Aobra de Brazilício é muito maior. Um repertório rico em música religiosa, concertos, ópera, valsas, polcas, samba, mazurcas, hinos, marchas de carnaval e músicas para teatro de revista, entre outras.
Além dessa diversidade de gêneros e ritmos, apresenta uma variedade de instrumentação. Uma riqueza que concede músicas para orquestra, bandas, quarteto de cordas, duos de violino, voz com acompanhamento de piano, canto coral, banda sinfônica. Até para orquestra de baile.
Mas onde o morador de Desterro, cidade que não era um grande centro cultural, buscava suas referências? Brazilício também deixou a resposta escrita, a qual está publicada no livro O Sábio e o Idioma.
“Em setembro de 1873, deixei a família, para ir ao Rio de Janeiro, onde era fácil ouvir violinistas, pianistas etc, e, principalmente frequentar o teatro de ópera, para apreciar as óperas compostas pelos mestres imortais.
Depois de dois movimentados meses, voltei ao Desterro. Não possuindo inclinação para empregos públicos, nem podendo ter qualquer pretensão honrosa a respeito da arte que cultivava, resolvi consequentemente ensinar música e os instrumentos que aprendera. Este trabalho me foi agradável por causa da vocação que me entusiasmava.”
A qualidade da obra de Brazilício também chama a atenção. Pelo Hino de Santa Catarina, por exemplo, recebe um elogio daqueles com afeto que se encerra.

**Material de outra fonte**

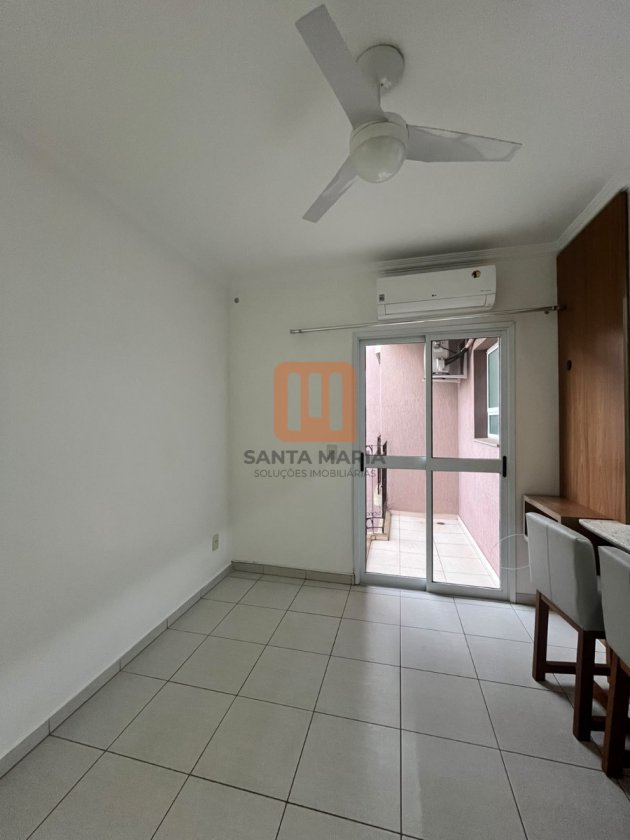 Apartamento para alugar em Jardim Botanico, Ribeirão Preto - Sala (unidade) - foto 2 código 69240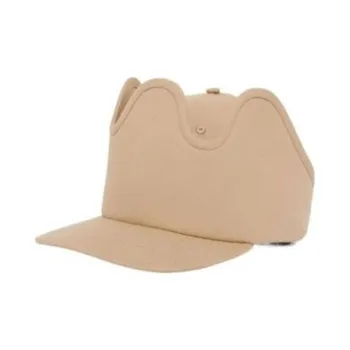 Burberry Cotton Hats & Caps Men's Khaki
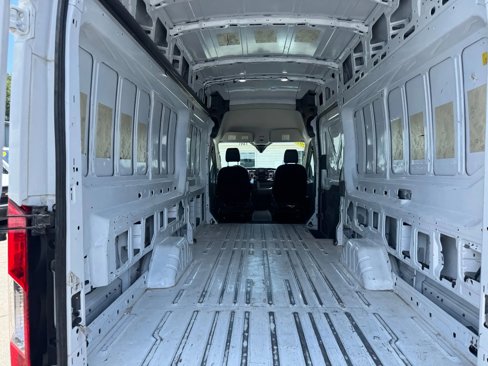 Used 2023 Ford Transit 250 148 High Roof Extended AWD image 21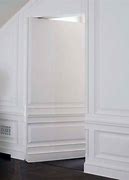 Image result for Hidden Doors Flush with Wall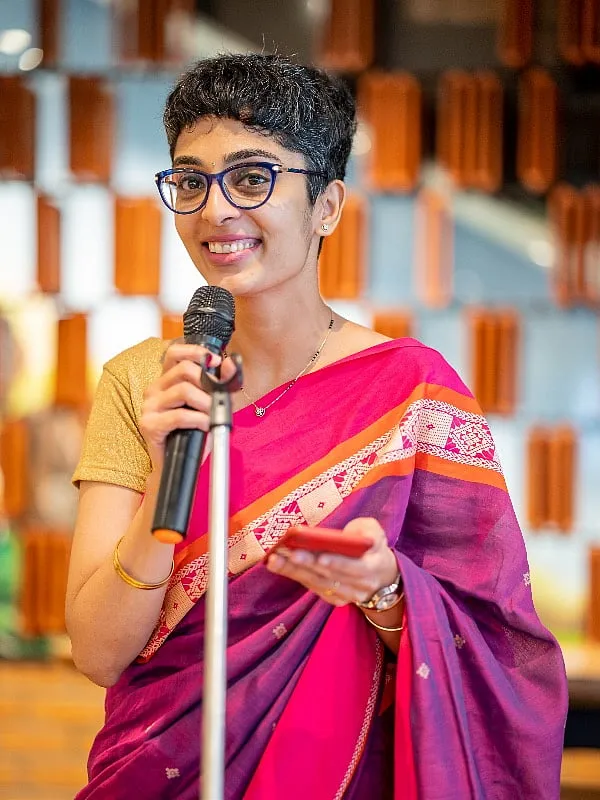 Bengaluru-based Radhika Mohta started a cohort-based course in January this year which aims to help people understand themselves better 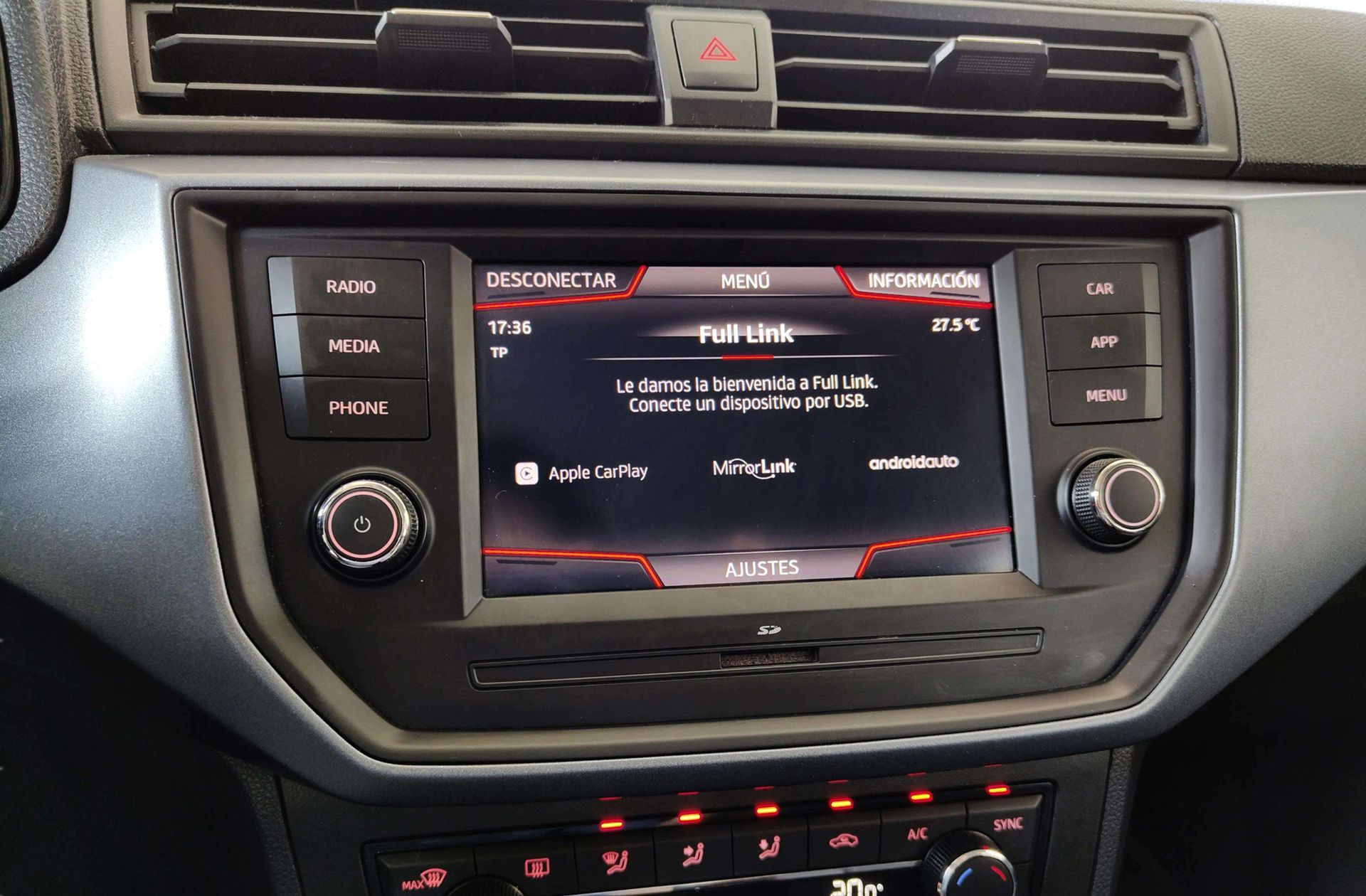 SEAT Arona 1.0 TSI Ecomotive Style Edition - foto 7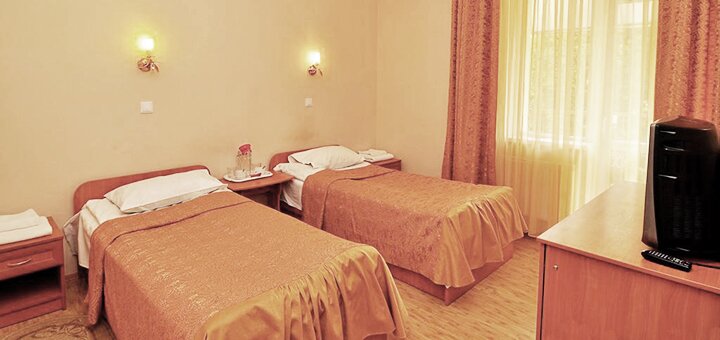 Discounts for holidays in the orion hotel in morshyn9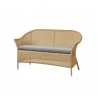 Cane-Line Lansing 2-Seater Sofa image 4 - Cane-Line Lansing 2-Seater Sofa image 4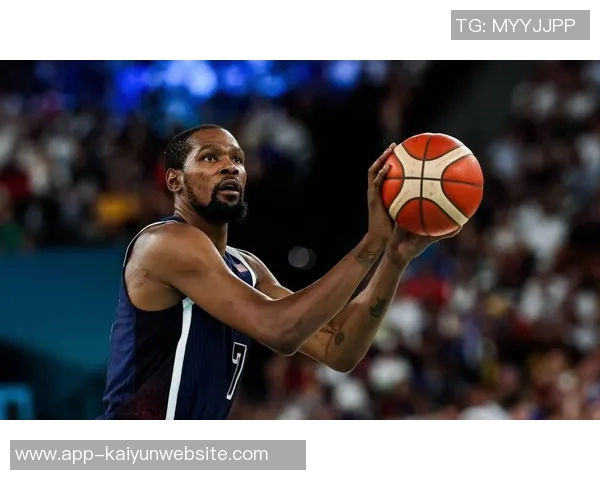 KD坦言过度担心失误影响表现专注得分而非传球提升状态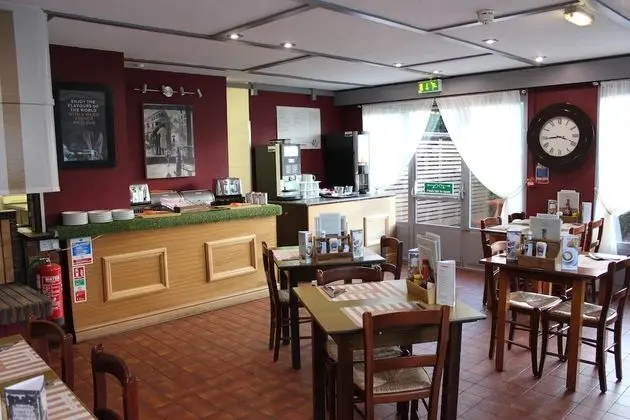 Campanile Doncaster - Yerinde Yemek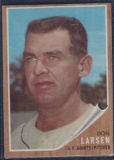 1962 Topps Don Larson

“Jamais vi um compositor esbanjar tanta técnica num simples hino” , observou Antônio Francisco Braga, que musicou a letra de Olavo Bilac no Hino da Bandeira Nacional.
A primeira execução foi para um auditório seleto em 4 de fevereiro de 1890. A ocasião mereceu destaque no Jornal do Comércio, edição do dia 6 daquele ano, disponível na Biblioteca Pública do Estado de Santa Catarina, no Centro de Florianópolis.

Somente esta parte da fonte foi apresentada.